Friday, July 21, 2017

Prepare for a 30-year bull market

Heading into 2017, Wall Street was excited by the prospect of a U.S. president who sympathized completely with business.  His promised tax and healthcare reforms were widely cheered by investors in the wake of his election.  Yet the Congress has so far failed to deliver on those promises and investors are no longer giving the Trump administration a free pass based on the assumption that tax breaks are on the way.

This loss of enthusiasm is reflected in the long periods of dullness the market has experienced since March.  While the bull market leg which began with the November election remains intact, the market has proceeded in a halting fashion and has gradually lost some of its erstwhile momentum.  The following graph illustrates this principle. 


Along these lines, a number of Wall Street economists have expressed the belief that if Trump’s promised reforms fail to materialize, the stock market’s current valuation precludes a continuation of the bull market.  There are a number of reasons why this statement is likely false, however, not the least of which is that the market doesn’t need a political excuse to rally.  Indeed, if that were the case then China’s equity market, in view of the country’s Communist government, would forever be stuck in neutral.  The pace of innovation and productivity in countries with a market-driven economy is consistently high enough to always provide some justification for higher valuations and stock prices, regardless of the political climate.

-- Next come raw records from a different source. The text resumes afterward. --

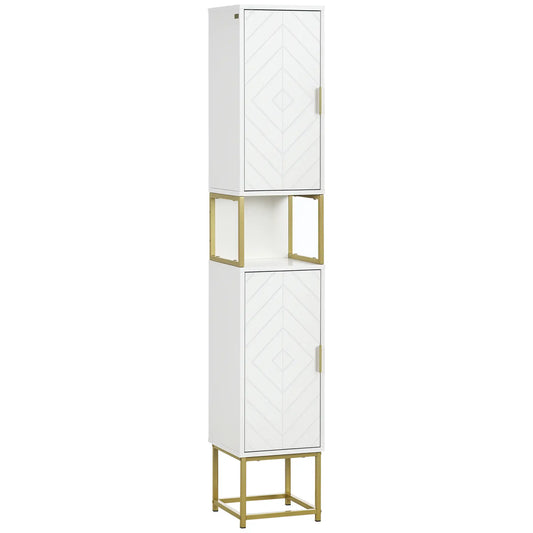 Tall Bathroom Storage Cabinet, Narrow with Adjustable Shelf, White Bathroom Cabinets White, Gold at Gallery Canada
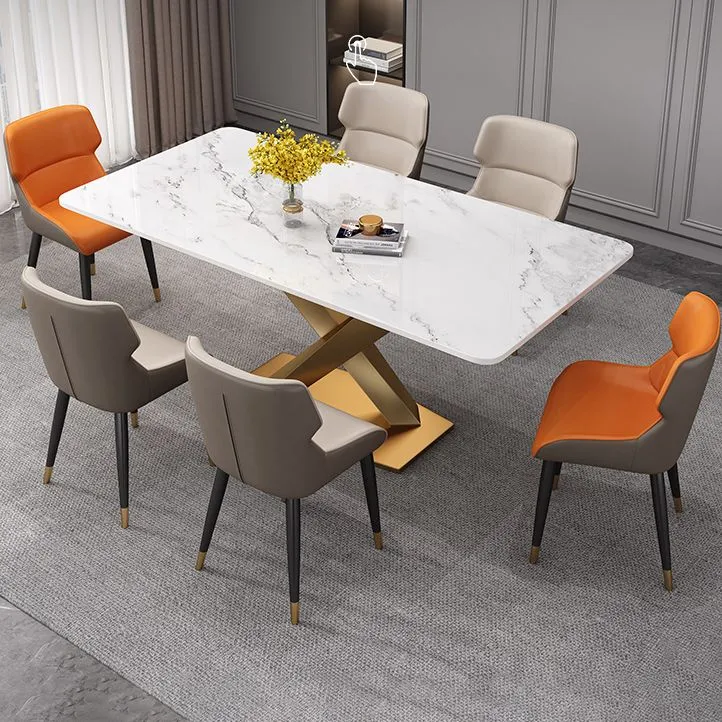 Sedie da pranzo contemporanee ecopelle poltrona con schienale alto e gambe metallo (set di 4) Clearhalo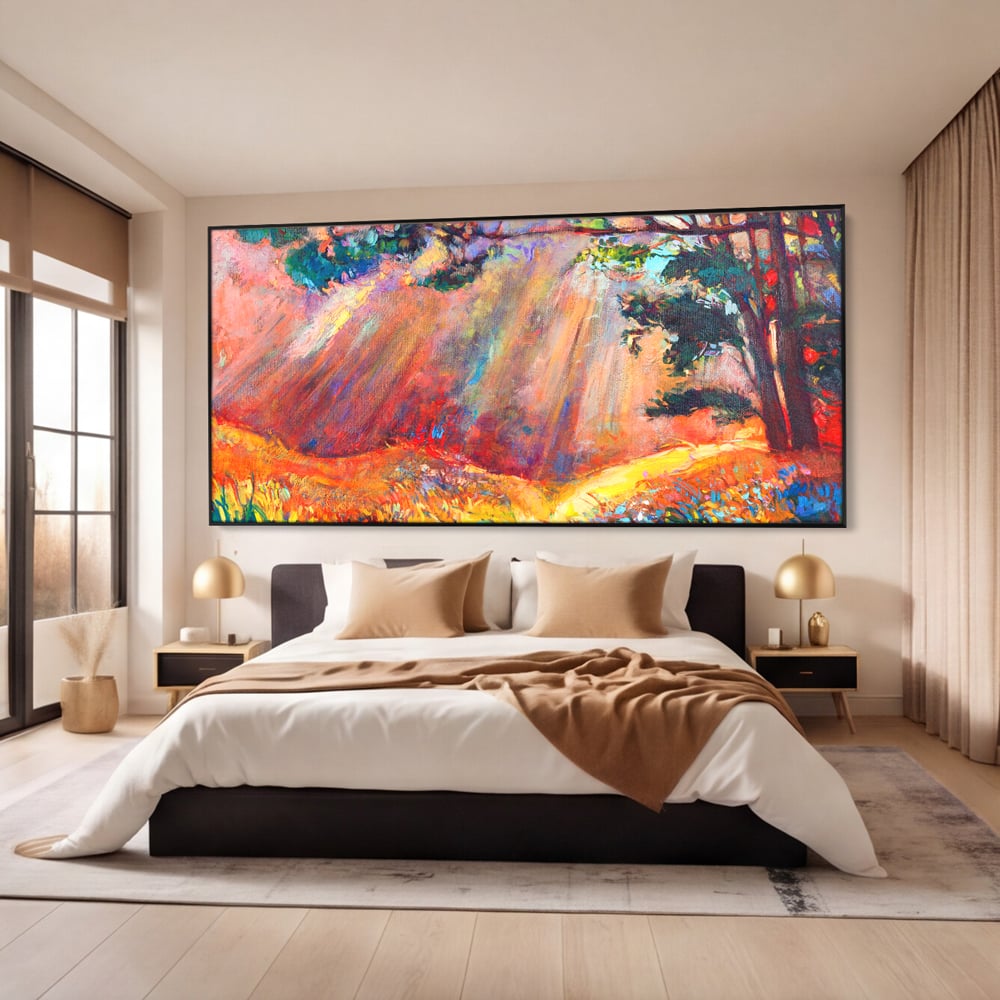 Tablou Canvas Premium LuxCanva® C1074, Razele Soarelui , Diva, Soare, Padure, Copac, Living Room, Bedroom, Relaxare, Culori Vibrante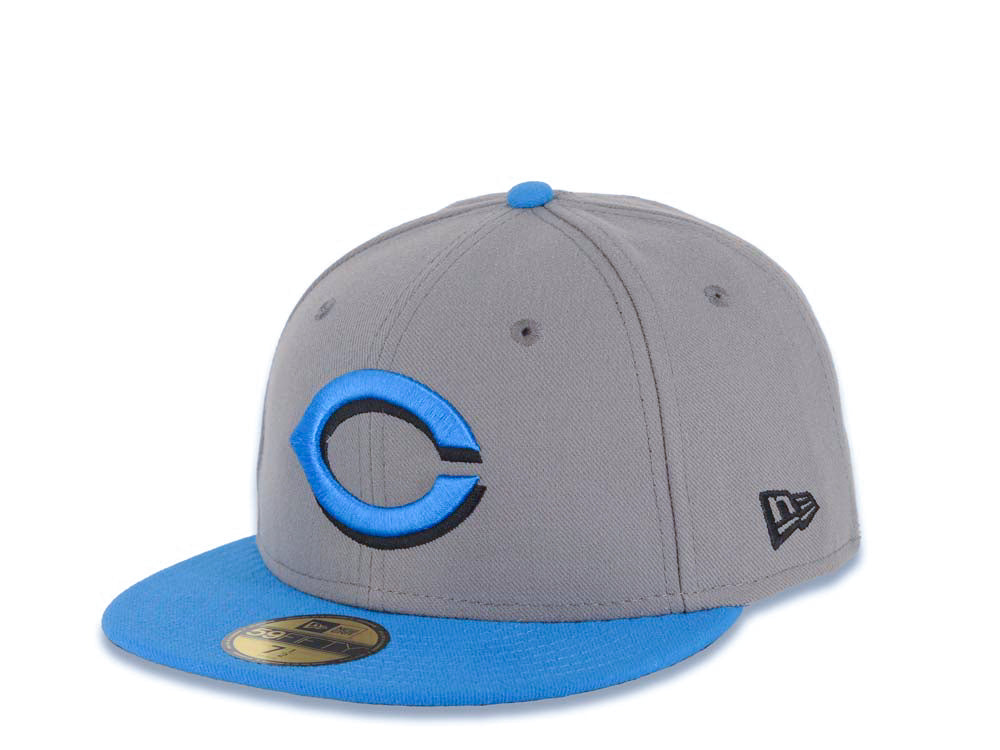 Cincinnati Reds New Era MlB 59FIFTY 5950 Fitted Cap Hat Gray Crown Cardinal Blue Visor Light Blue/Black Logo
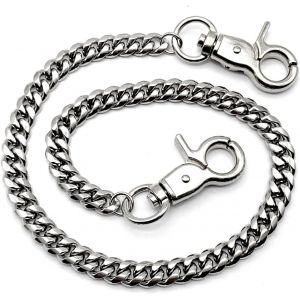Trahoo-Cha&icirc;ne De Pantalon 55 Cm - Cha&icirc;ne Punk Avec Mousqueton - Porte-Cl&eacute;s Argent&eacute; - Accessoire Gothique Pour Femme Et Homme - Neuf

Writing nearly 200 years ago, Alexis de Tocqueville observed that in America no matter how much the tax burden increased, American ingenuity and resourcefulness always found a way to counteract its malignant effect.  He stated:

“It is certain that despotism ruins individuals by preventing them from producing wealth, much more than by depriving them of the wealth they have produced; it dries up the source of riches, whilst it usually respects acquired property.  Freedom, on the contrary, engenders far more benefits than it destroys; and the nations which are favored by free institutions invariably find that their resources increase even more rapidly than their taxes.”  [Democracy in America]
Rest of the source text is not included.